Apart from the pictures, everything in the lines below must be printed exactly.

[DATA SHOWN — start]

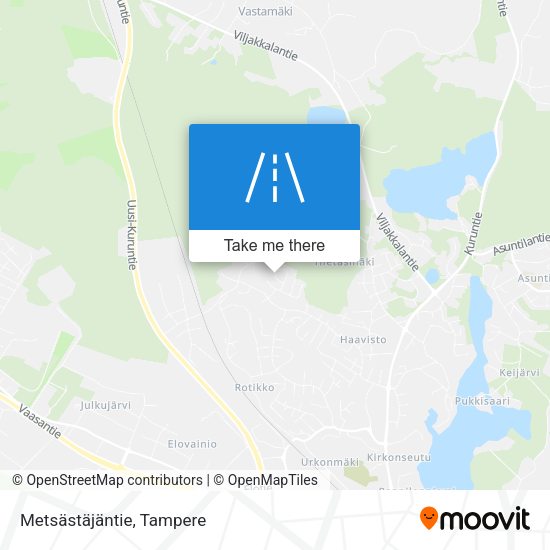 Metsästäjäntie map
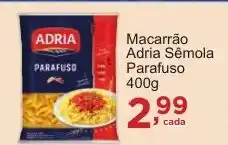 Rossi Supermercado Macarrão Adria Sêmola Parafuso oferta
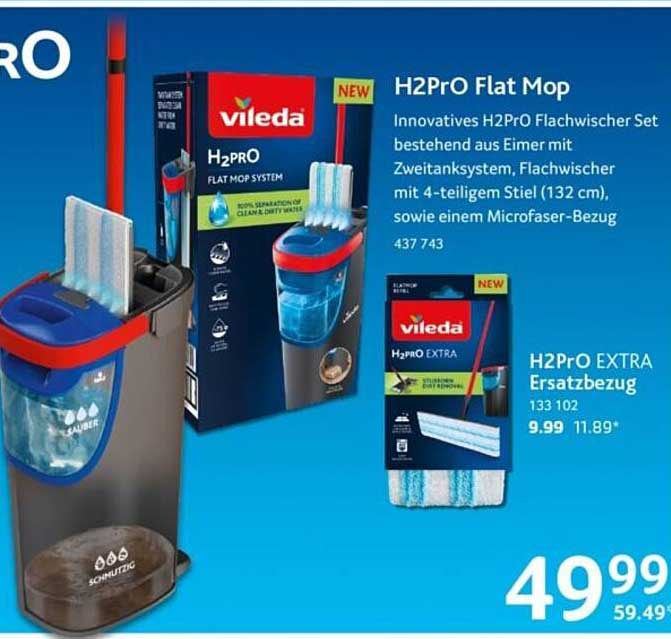 H2Pro Flat Mop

[DATA SHOWN — finish]

■ SOLUTION FOR THIS TASK ■
 Metsästäjäntie map
 Rossi Supermercado Macarrão Adria Sêmola Parafuso oferta
 H2Pro Flat Mop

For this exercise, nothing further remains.